About this exercise: Repeat the listing below word for word, minus the pictures.

Supplied information:
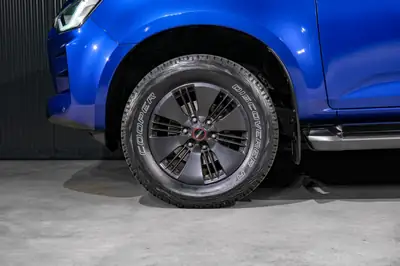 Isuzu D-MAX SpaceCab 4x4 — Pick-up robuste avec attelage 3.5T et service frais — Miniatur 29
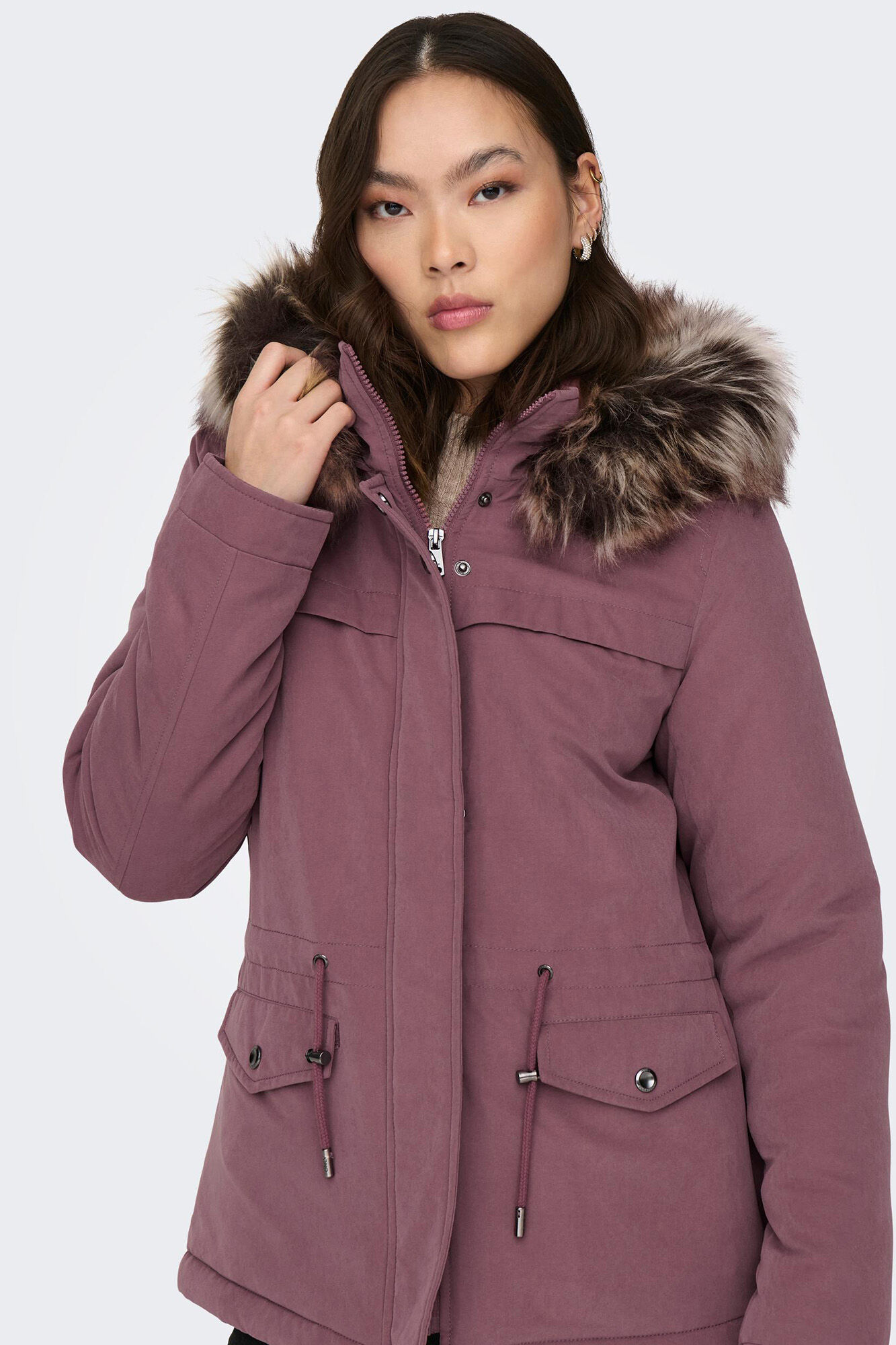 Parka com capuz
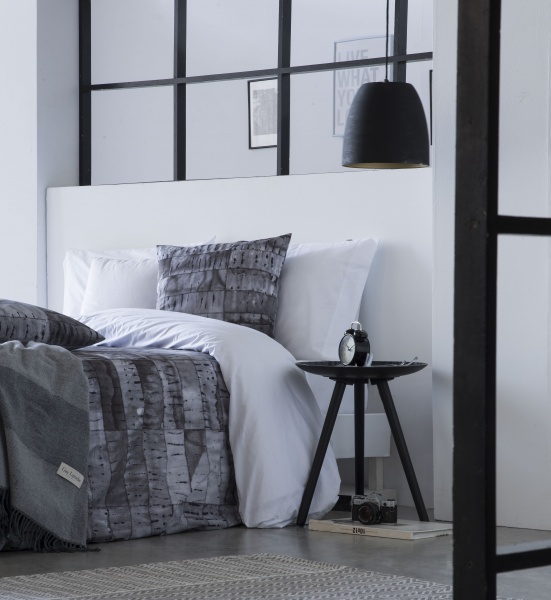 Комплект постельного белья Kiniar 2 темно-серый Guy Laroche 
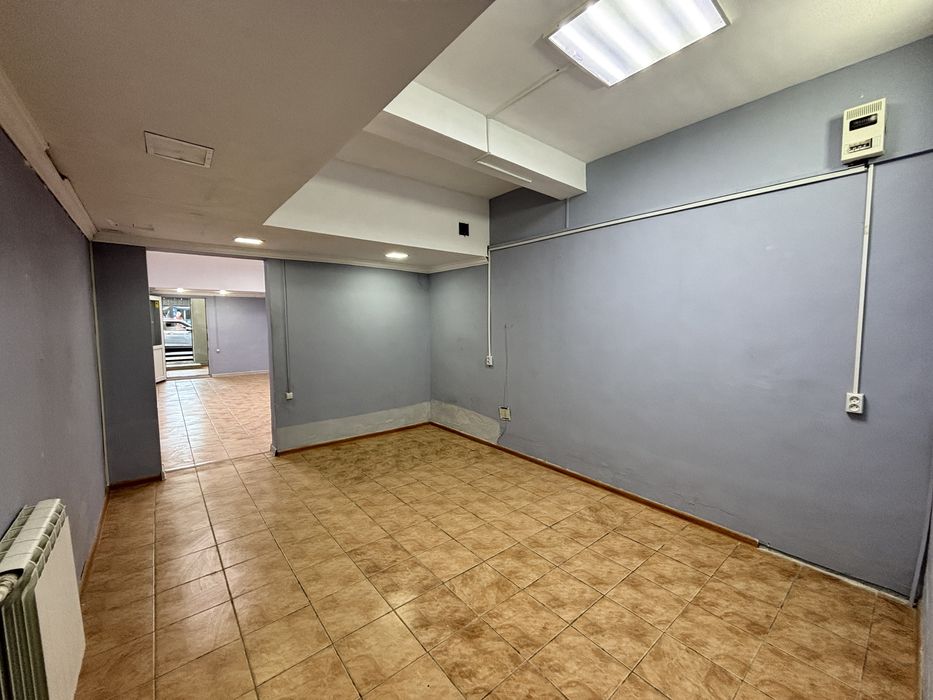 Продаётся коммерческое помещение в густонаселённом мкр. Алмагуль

Answer to the problem:
 Isuzu D-MAX SpaceCab 4x4 — Pick-up robuste avec attelage 3.5T et service frais — Miniatur 29
 Parka com capuz
 Комплект постельного белья Kiniar 2 темно-серый Guy Laroche 
 Продаётся коммерческое помещение в густонаселённом мкр. Алмагуль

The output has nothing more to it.